简体   繁体   English

在hadoop集群中,所有节点都应该安装hive吗? 安装猪

[英]In a hadoop cluster, should hive be installed on all nodes? Install Pig

I am new to Hadoop / Pig and I have just started reading the docs.我是 Hadoop / Pig 的新手,我刚刚开始阅读文档。
There are lots of blogs on installing Hadoop in cluster mode.有很多关于在集群模式下安装 Hadoop 的博客。
I know that Pig runs on top of Hadoop.我知道 Pig 运行在 Hadoop 之上。

My question is: Hadoop is installed on all the cluster nodes.我的问题是:Hadoop 安装在所有集群节点上。
Should I also install Pig on all the cluster nodes or only on the master node?我应该在所有集群节点上还是只在主节点上安装 Pig?

You would want to install Hive Metastore and Hive Server on 2 different nodes.您可能希望在 2 个不同的节点上安装 Hive Metastore 和 Hive Server。 By default, hive uses derby database, but most of the people choose to go with MySQL so there will be a MYSQL server daemon also.默认情况下,hive 使用 derby 数据库,但大多数人选择使用 MySQL,因此也会有一个 MYSQL 服务器守护程序。 So not to confuse you anymore :所以不要再混淆你了:

  1. Install HiveServer and WebHcat Server on one node在一个节点上安装 HiveServer 和 WebHcat Server
  2. Install Hive Metastore and MySQL server on another node.在另一个节点上安装 Hive Metastore 和 MySQL 服务器。

This is the best practice.这是最佳做法。 If you have any other doubt you can ask!如有其他疑问可以追问!

I cannot tell if the question is about Hive or Pig, but there's a difference between clients and servers.我不知道问题是关于 Hive 还是 Pig,但是客户端和服务器之间是有区别的。
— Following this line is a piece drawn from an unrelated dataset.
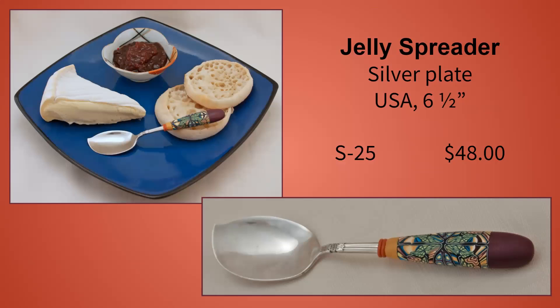This looks like a spoon, but the bowl on it is flattened for easy spreading. As the name says, it's for spreading jelly, but I think it could be used for any soft cheese, pâté, butter, or even peanut butter.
For Hive, the master services are the Metastore and HiveServer2.对于 Hive,主服务是 Metastore 和 HiveServer2。 You can install these daemons on the same server to improve network traffic between the metastore and the Hive query compiler.您可以将这些守护进程安装在同一台服务器上,以改善 Metastore 和 Hive 查询编译器之间的网络流量。 You only need one client to communicate with those masters.您只需要一个客户端即可与这些大师进行交流。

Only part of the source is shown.